Skidder thanks.  I went to BBQs galore and they don't have any.  Spoke to the manager for awhile about smoking, etc..He said someone high up at BBQs galore screwed up and didn't reorder.  He said they sell 8 of these offset smoker a week and now won't get any in until September.  Anyone else hear that?


----------



## elkhorn98 (Jul 16, 2008)

Checked out the chargriller again and it just seems too filmsy to hold up or keep heat in.  The charbroil silver smoker seems like thicker steel than the chargriller.  I haven't seen a Bar-B-Chef but I think that is what I want or maybe the silver smoker.  Thanks everyone.


----------



## skidder (Jul 16, 2008)

Elkhorn are you stuck on an offset? If not check out the Weber site for the WSM's. Great on fuel holds just as much and no babysitting. I like babysitting my smoker so it's not a big deal.
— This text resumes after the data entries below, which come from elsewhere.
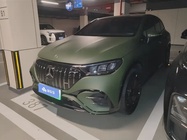 Mercedes-Benz EQE 2025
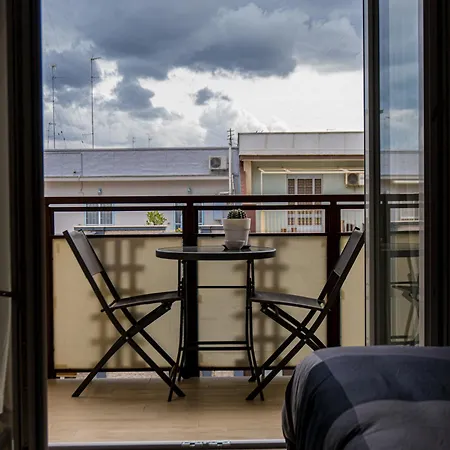 Casina Mia,viale Orazio Flacco 5 Policlinico Daire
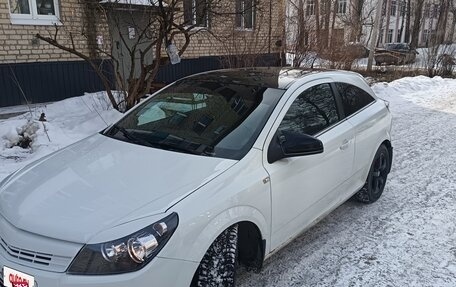 Opel Astra H, 2007 год, 390 000 рублей, 2 фотография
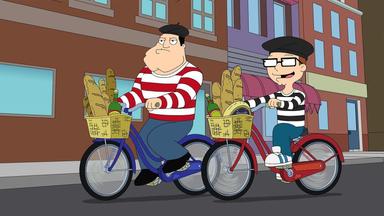 American Dad: Un Agente de Familia 17x18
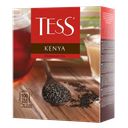 Чай ТЕСС Кения черный гранулированный, 100пакетиков 
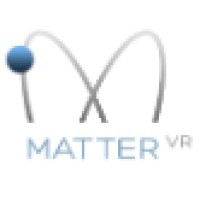 MATTERvr logo, MATTERvr contact details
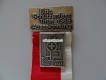 Schützenkranz und Anstecker, eidg. Schützenfest Thun 1969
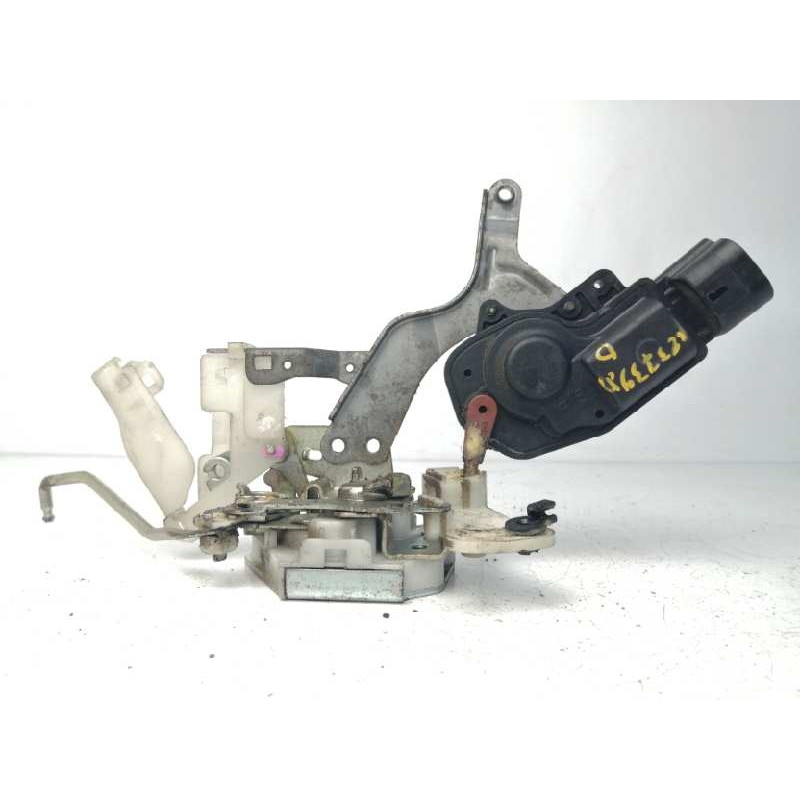 Recambio de cerradura puerta delantera derecha para peugeot 107 1.4 hdi cat (8ht / dv4td) referencia OEM IAM   
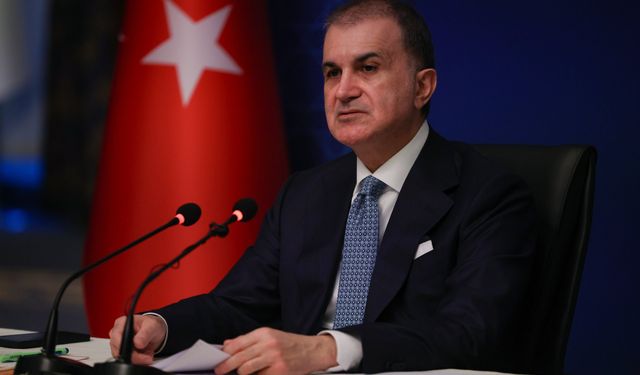AK Parti Sözcüsü Çelik: Gazi Mustafa Kemal Atatürk ile ilgili olarak her türlü çirkin söylemin karşısında oluruz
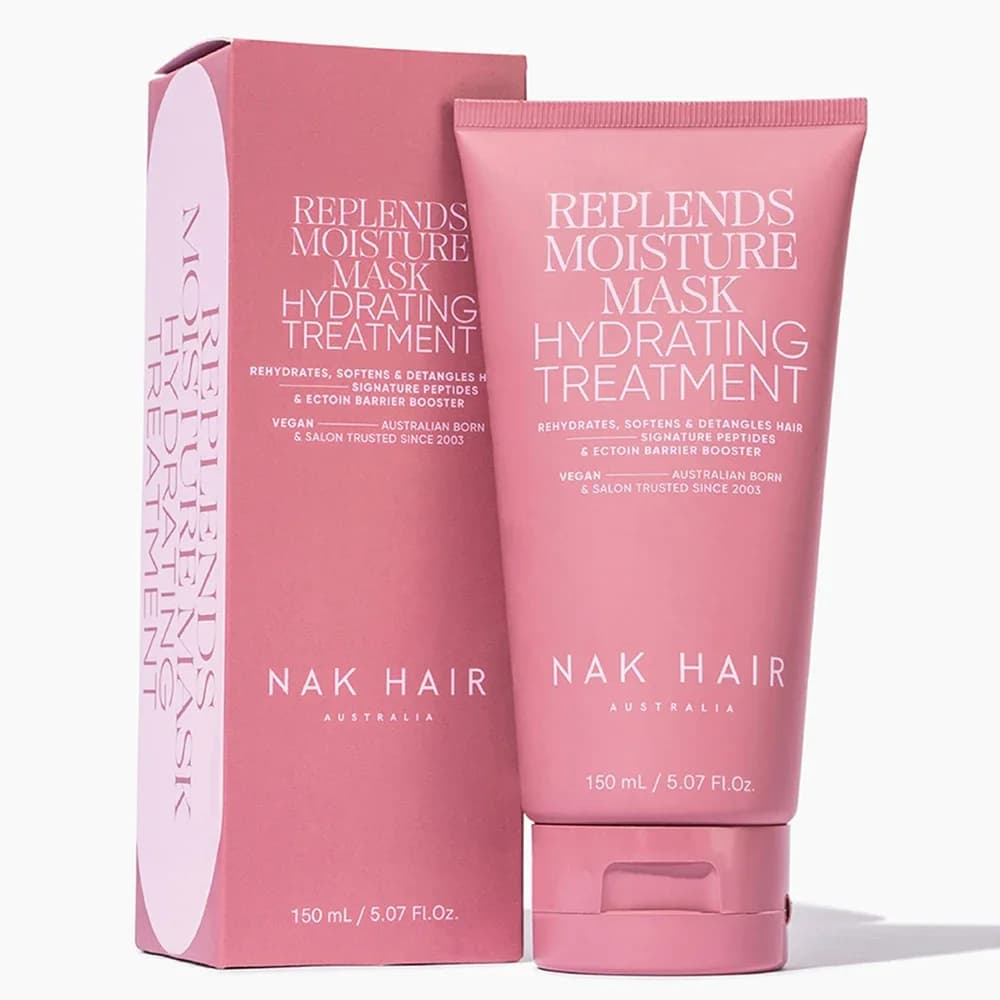 NAK HAIR Replends Moisture Mask 150 ml från NAK HAIR – köp hos Apotek Hjärtat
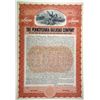 Image 1 : Pennsylvania Railroad Co. 1905 Specimen Bond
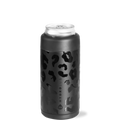 Black Leopard - Can Cooler (Slim)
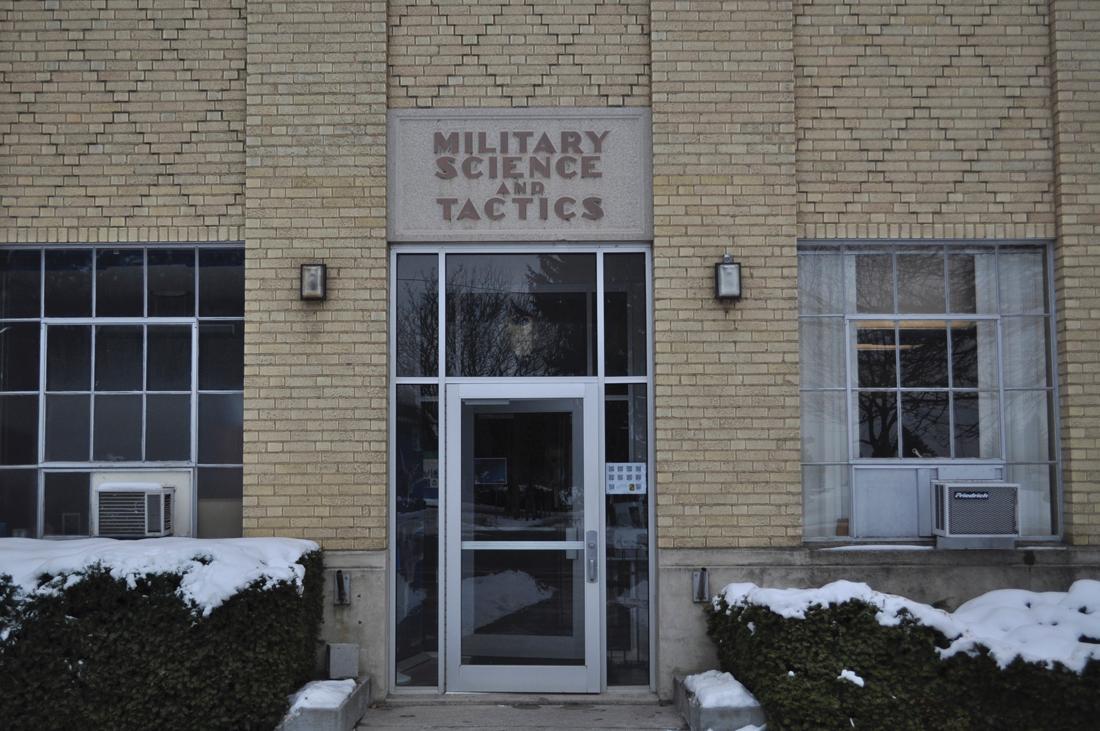 ROTC closed due to threat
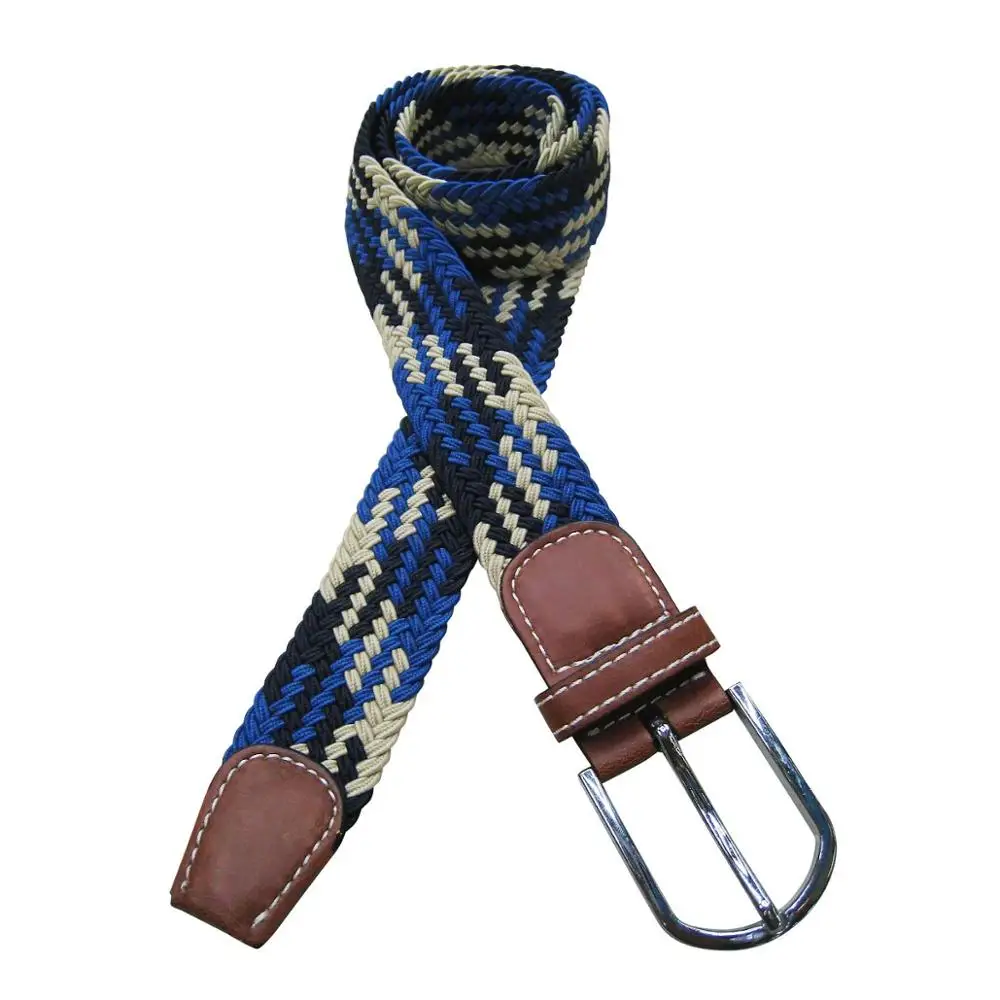 Эластичные ремни для бега синий черный верблюжий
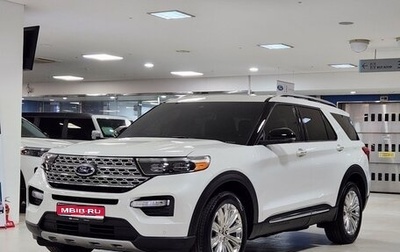 Ford Explorer VI, 2021 год, 3 690 000 рублей, 1 фотография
But you can't go wrong with the WSM.


----------



## howufiga (Jul 16, 2008)

I agree, my neighbor has a silver smoker and it seems to be thicker gauge steel and just generally more solid than the Char-griller that I looked at Menard's.  The char-griller seems like it can hold more food though.


----------



## goobi99 (Jul 17, 2008)

i can second that. i spoke to a manager at the store in west palm, fla and he told me the exact same story!!! meanwhile that was supposed to be my fathers day present. guess ill be waiting till september too.....


----------



## elkhorn98 (Jul 17, 2008)

Here is what I received from BBQs galore

"Last years model of the Bar B Chef offset smoker is out of stock company wide. Barbeques Galore has changed vendors on this item and we will not be receiving our first shipments of this item until September. We do not currently have the dimensions for the new Bar B Chef grill. We should receive all materials concerning the new model late August or Early September. Thank you for contacting Barbeques galore." 

Jeremy VanDervoort
Customer Service

Hopefully they don't use thinner gauge metal...I hope it is the same or better than the old model.


----------